Looking beyond the binary: How data for development impacts gender justice?
Who is this presentation for?
- Programmers and policy makers
Assuming that a given database collects the data of individuals with the intent of serving the same group with specific services, then designing this database would require an understanding of this set of individuals. Among the different kinds of data collected about these individuals, suppose only the gender of every individual were to be considered, data collection processes (especially in a developing country) need to collect data about individuals of all genders.

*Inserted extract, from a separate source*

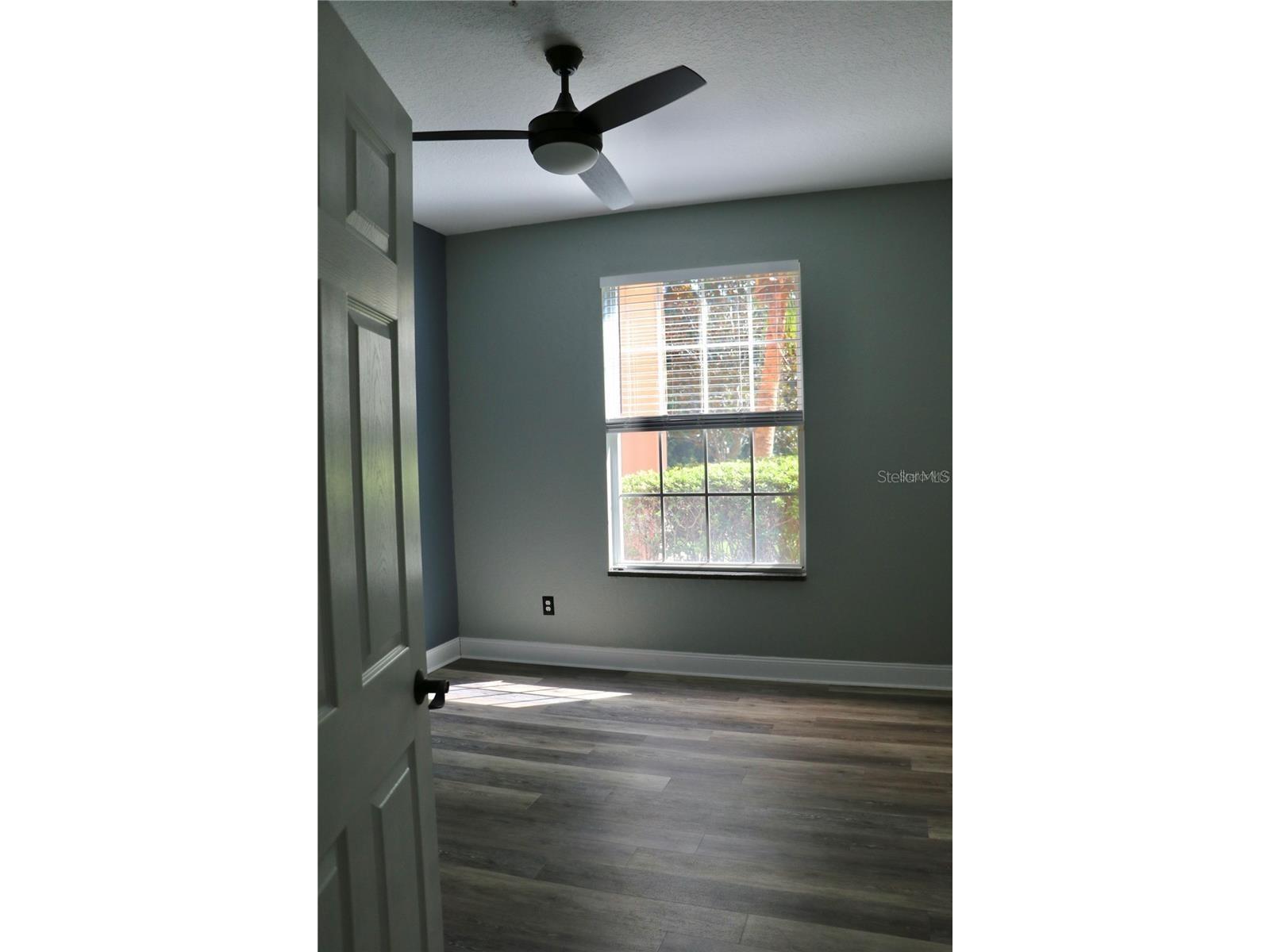 13548 Turtle Marsh Loop #413 Orlando FL 32837 S5148987 image18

According the UN, in its report titled, “Gender Equality in the 2030 Agenda for Sustainable Development 2018,” there’s no international standard for collecting and measuring gender-identity data. This has resulted in a lack of data about those who are vulnerable to discrimination and inequality because they identify outside the binary genders of male and female. This often translates to a lack of standard at the national level in different countries and the lack of correct data about individuals who may identify outside the binary genders.
“Gendering of Development Data in India: Beyond the Binary” is a qualitative study done by Brindaalakshmi K for the Centre for Internet and Society as part of the big data for development networks backed by the International Development Research Centre (IDRC), Canada. This study looked into the development of data collection initiatives in India to question the inherent assumption that large-scale datasets are the best reference points for designing development solutions such as welfare schemes, especially for marginalized groups like the transgender community.
This study attempted to understand how transgender communities want to be included in state, national, and global enumeration processes so that they can effectively access necessary services and the opportunities of responsible enumeration and representations offered to them by digital technologies.
Using the findings from this study, you’ll look at the gaps in data collection processes, especially for a large-scale process like the census and its effects on designing services and the processes to access these services. With gendering of development data in India as a case study, you’ll explore the design of an identity marker, digitization of the identification process, and the resulting data.
Brindaalakshmi dives into areas such as healthcare, financial services, and education, among others, in which individuals outside the binary genders get excluded due to the lack of an inclusive data collection process. This session seeks to answer some questions including if this lack of inclusion in data collection is limited to public services, if private sector services are more inclusive of all genders, how individuals outside the binary want to be enumerated into different data systems, if digital technologies are the solution to the problems of data exclusion, if digital technologies have really solved the problem of marginalization for a marginalized group, the role privacy plays with such a group, if data systems are stuck in a vicious cycle that emphasizes on the need for more data which only results in more bad quality data, and if this vicious cycle of “the need for data” sidesteps the responsibility of service providers to meet the needs of users and, in case of governments, its citizens.
What you'll learn
- Understand the need for a robust design of data collection processes to ensure that any data system is not far from reality
- Learn about the current practices of data collection, its limitations, and social and data justice for people
Brindaalakshmi K is a communications professional and researcher working at the intersection of identities, human rights, public health, and technology. She’s authoring the study "Gendering of Development Data in India: Beyond the Binary: for the Centre for Internet and Society, India as part of the Big Data for Development Network led by five global south organizations and supported by International Development Research Centre (IDRC), Canada. She’s a youth leader with citiesRISE, a global platform working on transforming mental heath policy and practice. She also peer supports members of the LGBTIQA+ community.